4. Wurde Amri bewusst nicht festgesetzt?

War der Tunesier womöglich ein „Nachrichtenmittler“, wie es im Untersuchungsauftrag heißt? Ließ man ihn also gewähren, um mehr über das Abu-Walaa-Netzwerk zu erfahren, dem die Ermittler schon so lange auf der Spur waren?

Der Grüne Christian Ströbele, bis zur Wahl einer der Geheimdienstkontrolleure im Bundestag, geht noch weiter: Wegen „übergeordneter Interessen“ könne es eine „schützende Hand“ über Amri gegeben haben. Hintergrund sei, dass die US-Armee im Frühsommer 2016 IS-Stellungen in Libyen bombardierte. Laut einem CNN-Bericht gibt es einen Zusammenhang zum Breitscheidplatz-Anschlag. Die Vermutung: Amri, der über längere Zeit mit zwei IS-Männern in Libyen chattete und dessen Handy abgehört wurde, könnte die USA an ihr Ziel geführt haben. Die Chatpartner konnten aber laut Bundesanwaltschaft nie identifiziert werden. So bleibt unklar, ob die USA sie bei ihrem Angriff trafen.

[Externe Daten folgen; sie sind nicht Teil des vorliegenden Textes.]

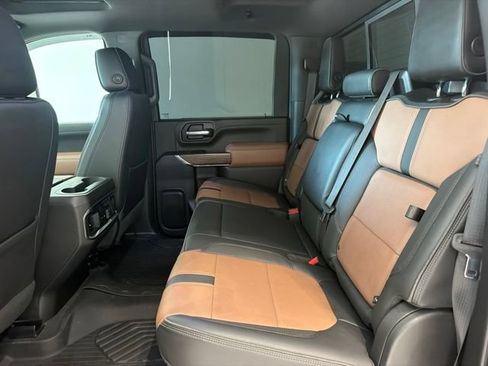Used 2023 Chevrolet Silverado 3500 High Country w/ Z71 Off-Road Package AWD/4WD image 15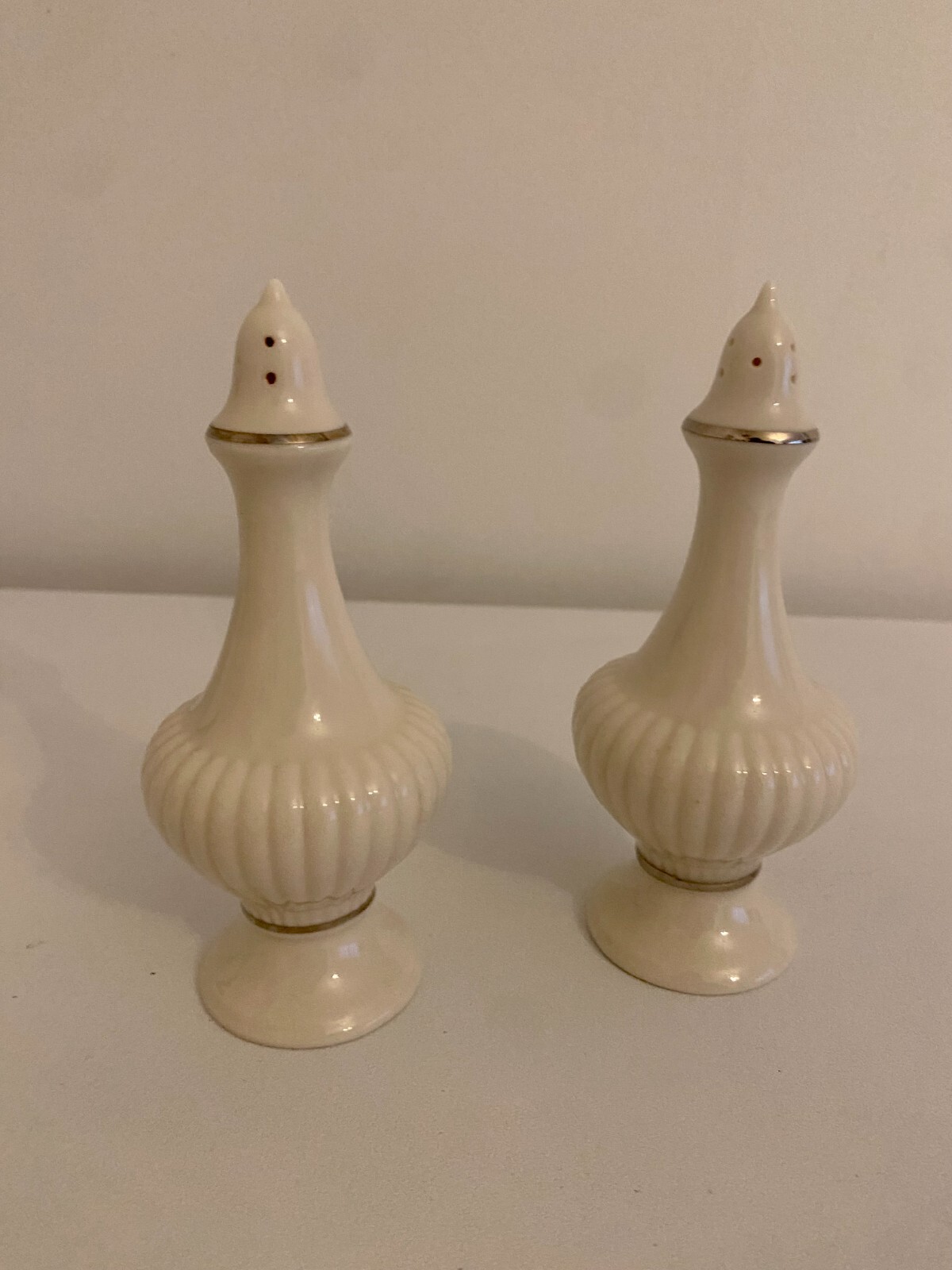 Lenox Essex Collection Salt and Pepper Shakers Set eBay
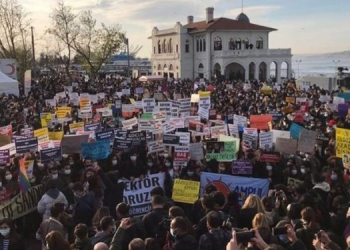 Boğaziçili öğrenciler: Mücadeleye devam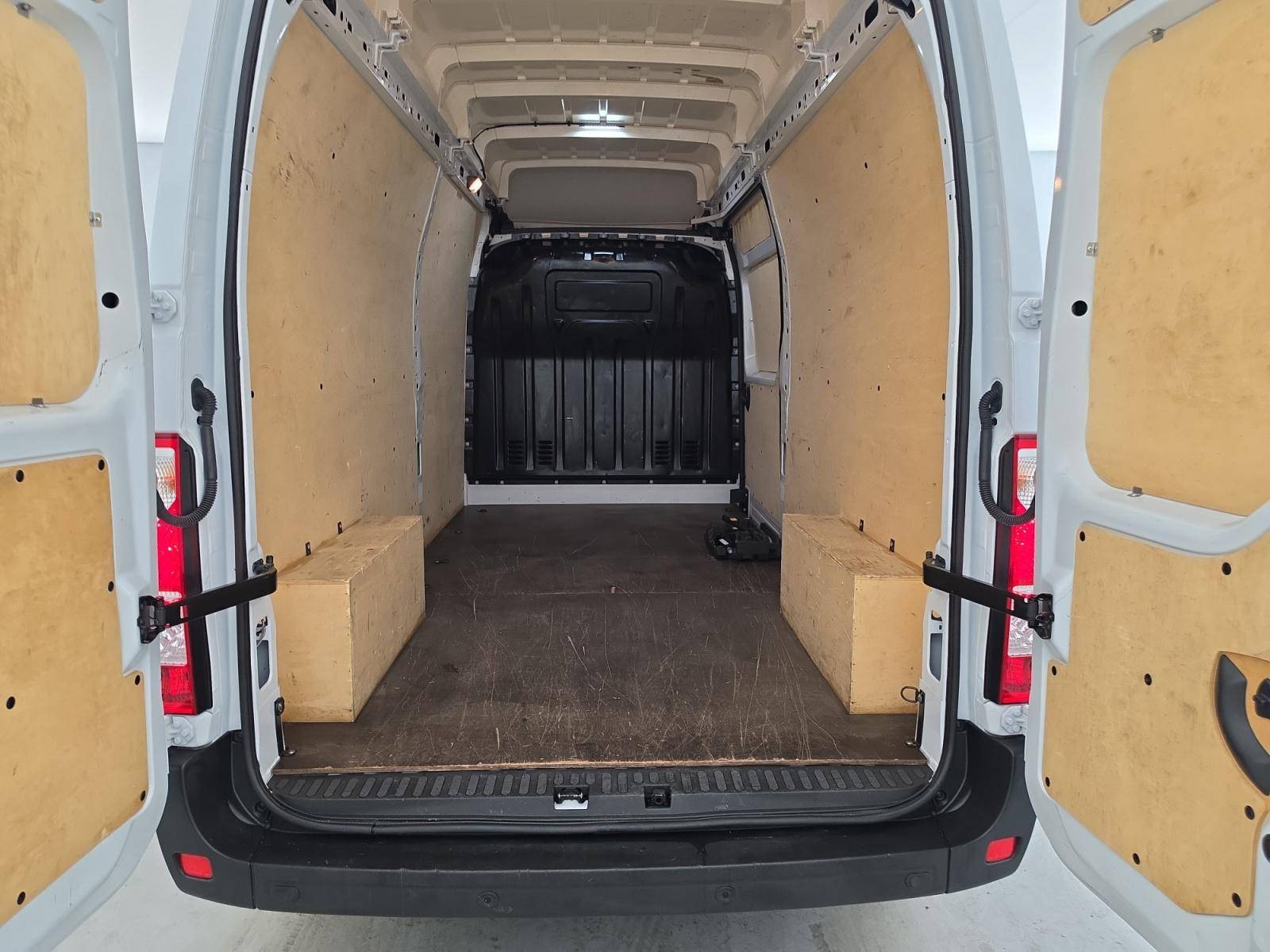 Vente en ligne Renault Master Fourgon MASTER FGN TRAC F3500 L3H3 BLUE DCI 135 au prix de 26 490 €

Eins beteuern die Sicherheitsbehörden bis heute: Amri selbst sei kein V-Mann gewesen.

5. Hat ein Polizeispitzel Amri angestachelt?

Eigentlich war das Landeskriminalamt in NRW über „Murat“ sehr froh: Mit „VP-01“, so der offizielle Deckname des Deutschtürken, dessen tatsächlicher Name geheim ist, hatte die Behörde einen Spitzel in der Islamistenszene platziert. Später spielten sie ihn an die Top-Figur Abu Walaa heran. „Murat“ war es auch, der das LKA früh vor Anis Amri warnte. Er blieb an dem Tunesier dran, fuhr ihn später sogar einmal nach Berlin.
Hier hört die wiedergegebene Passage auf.